No se trata de la parrilla en la que se torturó a san Lorenzo hasta la muerte (al fin y al cabo, los tiempos han cambiado), pero hasta los veteranos de la Comisión confiesan sentir un calor sofocante al ser cuestionados sobre los más mínimos detalles de la cartera sobre la que próximamente asumirán la responsabilidad comunitaria. Importadas de EE UU, las audiencias parlamentarias previas a la aprobación de la nueva Comisión están sin duda demostrando su eficacia. Frente al tópico sobre lo mal que funciona Bruselas y el déficit democrático que supuestamente asolaría a las instituciones europeas, un procedimiento de audiencia previa a la confirmación de altos cargos como el del que dispone el Parlamento Europeo no puede ser contemplado con menos que con envidia desde muchos países, incluido el nuestro, donde el Parlamento tiene más que cercenadas sus funciones de control sobre los nombramientos gubernamentales.
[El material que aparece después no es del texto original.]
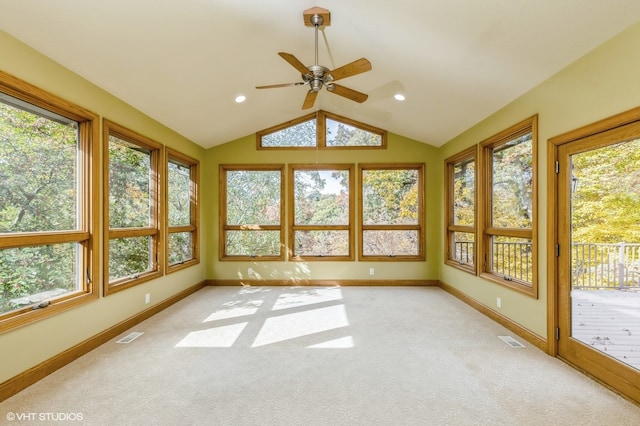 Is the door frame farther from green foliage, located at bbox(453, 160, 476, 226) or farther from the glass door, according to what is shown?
green foliage, located at bbox(453, 160, 476, 226)

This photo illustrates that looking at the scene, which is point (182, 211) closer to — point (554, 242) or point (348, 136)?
point (348, 136)

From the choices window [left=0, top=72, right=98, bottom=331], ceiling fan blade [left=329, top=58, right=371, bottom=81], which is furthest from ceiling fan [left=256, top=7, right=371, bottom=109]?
window [left=0, top=72, right=98, bottom=331]

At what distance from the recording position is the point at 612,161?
243cm

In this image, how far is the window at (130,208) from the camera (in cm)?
339

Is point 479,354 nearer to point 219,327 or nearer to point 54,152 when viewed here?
point 219,327

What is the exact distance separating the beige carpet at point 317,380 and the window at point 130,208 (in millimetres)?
740

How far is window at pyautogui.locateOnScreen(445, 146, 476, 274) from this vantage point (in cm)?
472

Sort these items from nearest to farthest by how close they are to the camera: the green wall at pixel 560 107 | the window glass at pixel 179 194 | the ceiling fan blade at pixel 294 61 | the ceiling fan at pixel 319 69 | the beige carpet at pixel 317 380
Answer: the beige carpet at pixel 317 380
the green wall at pixel 560 107
the ceiling fan blade at pixel 294 61
the ceiling fan at pixel 319 69
the window glass at pixel 179 194

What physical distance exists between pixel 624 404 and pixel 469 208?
3081mm

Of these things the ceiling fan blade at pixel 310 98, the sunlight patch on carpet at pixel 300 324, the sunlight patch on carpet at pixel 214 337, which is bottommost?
the sunlight patch on carpet at pixel 300 324

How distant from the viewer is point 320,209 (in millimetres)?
5902

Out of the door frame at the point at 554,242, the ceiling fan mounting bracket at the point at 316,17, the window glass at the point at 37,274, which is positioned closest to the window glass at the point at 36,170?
the window glass at the point at 37,274

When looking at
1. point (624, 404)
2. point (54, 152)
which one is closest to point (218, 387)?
point (54, 152)

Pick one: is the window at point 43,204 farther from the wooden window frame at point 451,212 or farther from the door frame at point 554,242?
the wooden window frame at point 451,212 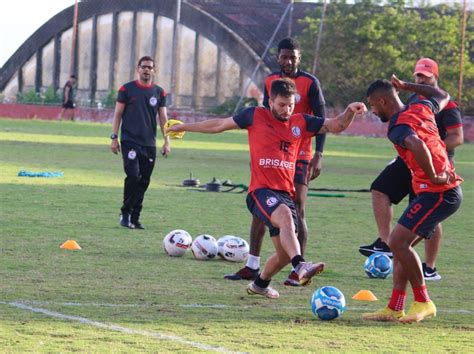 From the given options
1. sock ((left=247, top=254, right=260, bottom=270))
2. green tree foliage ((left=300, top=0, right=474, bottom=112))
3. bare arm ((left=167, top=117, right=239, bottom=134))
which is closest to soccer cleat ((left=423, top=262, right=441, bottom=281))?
sock ((left=247, top=254, right=260, bottom=270))

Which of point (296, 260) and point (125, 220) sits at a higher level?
point (296, 260)

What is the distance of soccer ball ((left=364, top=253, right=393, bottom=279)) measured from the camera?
11.4 meters

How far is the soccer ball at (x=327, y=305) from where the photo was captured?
889 centimetres

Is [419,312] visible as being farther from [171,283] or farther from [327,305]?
[171,283]

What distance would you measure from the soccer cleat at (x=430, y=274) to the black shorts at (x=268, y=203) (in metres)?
2.04

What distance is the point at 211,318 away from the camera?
8.76 metres

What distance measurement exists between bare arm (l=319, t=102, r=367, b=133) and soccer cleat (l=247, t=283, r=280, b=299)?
1.42m

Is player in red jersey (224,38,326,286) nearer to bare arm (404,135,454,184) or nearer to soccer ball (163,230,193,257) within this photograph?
soccer ball (163,230,193,257)

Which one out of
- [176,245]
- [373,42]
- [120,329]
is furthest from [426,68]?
[373,42]

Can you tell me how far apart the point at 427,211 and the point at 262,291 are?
5.19 feet

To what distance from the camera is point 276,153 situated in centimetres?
998

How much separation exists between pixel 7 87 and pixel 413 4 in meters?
35.6

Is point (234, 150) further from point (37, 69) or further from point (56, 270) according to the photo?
point (37, 69)

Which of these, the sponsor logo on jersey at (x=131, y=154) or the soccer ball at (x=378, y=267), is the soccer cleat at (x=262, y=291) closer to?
the soccer ball at (x=378, y=267) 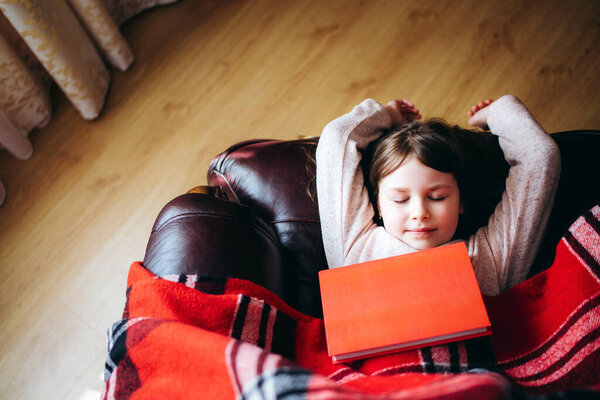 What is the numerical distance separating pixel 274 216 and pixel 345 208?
0.51 ft

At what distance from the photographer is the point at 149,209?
1458 mm

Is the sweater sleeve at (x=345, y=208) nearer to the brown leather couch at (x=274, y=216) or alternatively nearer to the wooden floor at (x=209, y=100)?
the brown leather couch at (x=274, y=216)

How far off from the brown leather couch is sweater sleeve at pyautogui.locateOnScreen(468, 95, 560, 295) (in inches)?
1.8

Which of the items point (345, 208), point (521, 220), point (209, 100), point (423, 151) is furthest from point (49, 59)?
point (521, 220)

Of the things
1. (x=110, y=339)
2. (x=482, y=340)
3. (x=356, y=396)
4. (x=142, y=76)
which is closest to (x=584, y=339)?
(x=482, y=340)

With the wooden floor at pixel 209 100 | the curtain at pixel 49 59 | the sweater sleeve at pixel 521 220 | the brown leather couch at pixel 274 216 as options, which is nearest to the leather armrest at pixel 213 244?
the brown leather couch at pixel 274 216

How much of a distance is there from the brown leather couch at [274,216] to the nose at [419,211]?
0.62 feet

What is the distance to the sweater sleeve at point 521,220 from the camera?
0.88 metres

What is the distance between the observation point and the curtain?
1.33 metres

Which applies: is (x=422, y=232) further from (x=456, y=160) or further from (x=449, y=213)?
(x=456, y=160)

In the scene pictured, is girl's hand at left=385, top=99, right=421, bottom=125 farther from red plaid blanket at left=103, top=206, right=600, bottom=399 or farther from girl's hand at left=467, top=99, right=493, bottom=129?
red plaid blanket at left=103, top=206, right=600, bottom=399

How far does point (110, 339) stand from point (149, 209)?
2.58 ft

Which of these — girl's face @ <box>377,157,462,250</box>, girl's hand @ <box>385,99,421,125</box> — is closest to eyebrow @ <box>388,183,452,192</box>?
girl's face @ <box>377,157,462,250</box>

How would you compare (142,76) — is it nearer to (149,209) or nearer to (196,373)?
(149,209) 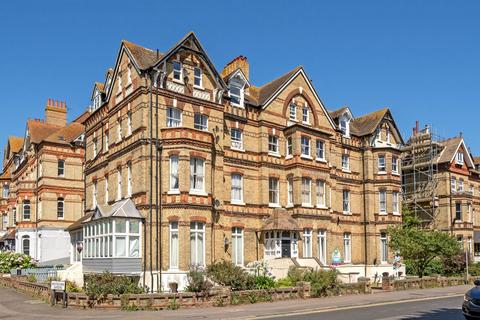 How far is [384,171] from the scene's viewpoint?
45.0 m

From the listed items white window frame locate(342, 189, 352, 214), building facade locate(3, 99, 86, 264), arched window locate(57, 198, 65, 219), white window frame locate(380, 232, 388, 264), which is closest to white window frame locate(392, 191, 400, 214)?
white window frame locate(380, 232, 388, 264)

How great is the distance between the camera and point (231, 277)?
85.4 feet

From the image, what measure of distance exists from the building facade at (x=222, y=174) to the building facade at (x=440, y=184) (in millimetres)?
10106

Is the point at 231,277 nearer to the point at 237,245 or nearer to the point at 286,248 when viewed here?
the point at 237,245

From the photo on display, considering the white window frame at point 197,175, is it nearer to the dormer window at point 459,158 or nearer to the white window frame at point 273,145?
the white window frame at point 273,145

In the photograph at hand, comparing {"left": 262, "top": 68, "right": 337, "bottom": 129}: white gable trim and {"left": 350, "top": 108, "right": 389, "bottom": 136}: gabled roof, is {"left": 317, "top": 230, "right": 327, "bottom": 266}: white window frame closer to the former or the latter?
{"left": 262, "top": 68, "right": 337, "bottom": 129}: white gable trim

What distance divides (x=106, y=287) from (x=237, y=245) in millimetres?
12384

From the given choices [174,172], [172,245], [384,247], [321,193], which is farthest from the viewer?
[384,247]

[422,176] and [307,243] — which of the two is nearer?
[307,243]

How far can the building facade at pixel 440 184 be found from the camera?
2106 inches

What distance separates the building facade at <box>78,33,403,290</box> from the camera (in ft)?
98.8

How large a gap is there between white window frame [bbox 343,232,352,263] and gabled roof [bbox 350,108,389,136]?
8.59 metres

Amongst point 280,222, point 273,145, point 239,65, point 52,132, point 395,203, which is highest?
point 239,65

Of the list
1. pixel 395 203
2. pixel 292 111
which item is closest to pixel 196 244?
pixel 292 111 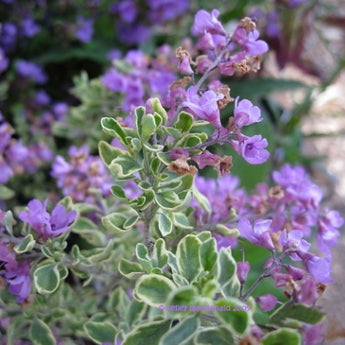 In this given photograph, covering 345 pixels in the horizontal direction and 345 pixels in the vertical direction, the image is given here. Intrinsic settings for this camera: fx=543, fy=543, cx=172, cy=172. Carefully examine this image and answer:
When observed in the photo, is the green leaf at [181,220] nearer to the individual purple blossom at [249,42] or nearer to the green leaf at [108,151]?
the green leaf at [108,151]

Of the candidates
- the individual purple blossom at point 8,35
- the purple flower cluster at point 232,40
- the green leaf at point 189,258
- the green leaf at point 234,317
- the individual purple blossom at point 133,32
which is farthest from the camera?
the individual purple blossom at point 133,32

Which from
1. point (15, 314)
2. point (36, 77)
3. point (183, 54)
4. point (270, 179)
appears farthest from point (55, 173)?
point (270, 179)

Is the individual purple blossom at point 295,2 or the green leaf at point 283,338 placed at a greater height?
the green leaf at point 283,338

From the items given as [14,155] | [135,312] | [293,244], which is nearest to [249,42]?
[293,244]

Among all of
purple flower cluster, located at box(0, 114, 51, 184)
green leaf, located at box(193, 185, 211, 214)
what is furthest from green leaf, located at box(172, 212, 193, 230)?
purple flower cluster, located at box(0, 114, 51, 184)

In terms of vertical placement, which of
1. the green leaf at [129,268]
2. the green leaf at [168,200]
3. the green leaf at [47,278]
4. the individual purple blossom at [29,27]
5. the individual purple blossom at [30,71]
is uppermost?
the green leaf at [168,200]

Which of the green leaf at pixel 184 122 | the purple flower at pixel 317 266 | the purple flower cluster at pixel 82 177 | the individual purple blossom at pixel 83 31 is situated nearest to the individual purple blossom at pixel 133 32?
the individual purple blossom at pixel 83 31

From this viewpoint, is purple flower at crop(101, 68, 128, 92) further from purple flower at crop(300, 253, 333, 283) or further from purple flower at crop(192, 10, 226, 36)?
purple flower at crop(300, 253, 333, 283) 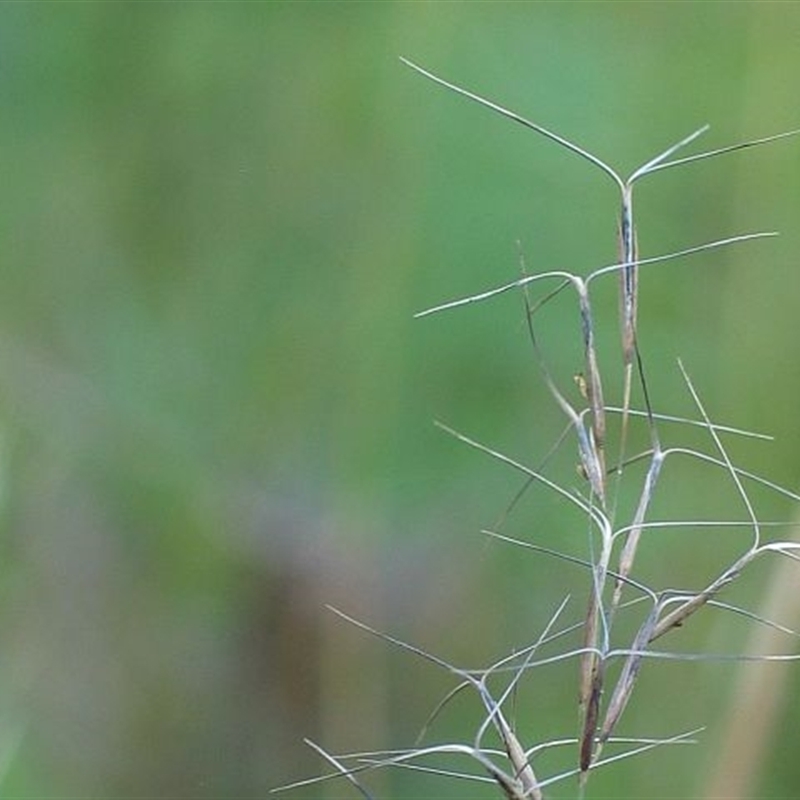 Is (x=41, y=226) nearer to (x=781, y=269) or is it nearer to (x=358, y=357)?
(x=358, y=357)

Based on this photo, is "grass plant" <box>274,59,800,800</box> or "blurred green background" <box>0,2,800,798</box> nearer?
"grass plant" <box>274,59,800,800</box>

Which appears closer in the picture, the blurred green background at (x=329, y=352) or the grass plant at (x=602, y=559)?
the grass plant at (x=602, y=559)

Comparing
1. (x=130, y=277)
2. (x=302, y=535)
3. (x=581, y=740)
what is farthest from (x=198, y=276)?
(x=581, y=740)

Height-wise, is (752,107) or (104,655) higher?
(752,107)

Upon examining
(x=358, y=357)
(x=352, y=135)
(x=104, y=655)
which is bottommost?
(x=104, y=655)

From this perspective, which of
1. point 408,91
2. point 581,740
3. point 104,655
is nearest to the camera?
point 581,740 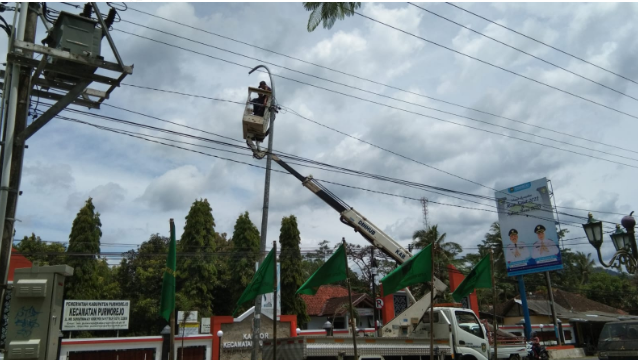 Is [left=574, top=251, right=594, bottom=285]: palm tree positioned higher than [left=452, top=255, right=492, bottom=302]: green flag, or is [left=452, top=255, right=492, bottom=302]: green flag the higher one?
[left=574, top=251, right=594, bottom=285]: palm tree

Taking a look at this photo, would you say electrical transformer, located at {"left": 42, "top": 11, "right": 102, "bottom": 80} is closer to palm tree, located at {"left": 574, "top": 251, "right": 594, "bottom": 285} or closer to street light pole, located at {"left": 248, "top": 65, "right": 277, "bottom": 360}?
street light pole, located at {"left": 248, "top": 65, "right": 277, "bottom": 360}

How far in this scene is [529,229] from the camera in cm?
3177

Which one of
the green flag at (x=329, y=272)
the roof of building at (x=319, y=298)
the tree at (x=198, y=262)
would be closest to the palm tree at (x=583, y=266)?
the roof of building at (x=319, y=298)

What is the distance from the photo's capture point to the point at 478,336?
14094 millimetres

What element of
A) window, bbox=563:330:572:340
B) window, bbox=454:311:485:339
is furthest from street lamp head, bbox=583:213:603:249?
window, bbox=563:330:572:340

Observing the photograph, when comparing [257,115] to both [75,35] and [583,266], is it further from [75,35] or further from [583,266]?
[583,266]

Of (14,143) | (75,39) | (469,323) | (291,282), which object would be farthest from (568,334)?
(14,143)

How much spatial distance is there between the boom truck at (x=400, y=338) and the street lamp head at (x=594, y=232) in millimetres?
4084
Al contrario que EE UU, la UE es una potencia de carácter predominantemente civil: Washington ha enviado a Haití un portaaviones y 10.000 soldados. Es su visión del mundo, pero hay poco que criticar: la seguridad es un bien tan necesario como cualquier otro. Idealmente, Europa tendría que ser capaz de aportar al menos parte de lo demás que hasta ahora EE UU ha sido incapaz de hacer llegar a ese desolado país caribeño: agua, luz, sanidad, educación y unas instituciones que funcionen. Sin duda, imponer el orden en las calles puede parecer más fácil que ayudar a levantar un Estado fallido, pero cada uno debe ser juzgado de acuerdo con sus capacidades y, claramente, las capacidades de Europa son distintas de las de EE UU. La solidaridad con Haití exige que comisarios europeos y Gobiernos nacionales estén en la parrilla (democrática).

Este artículo fue publicado en El País el 18 de enero de 2010.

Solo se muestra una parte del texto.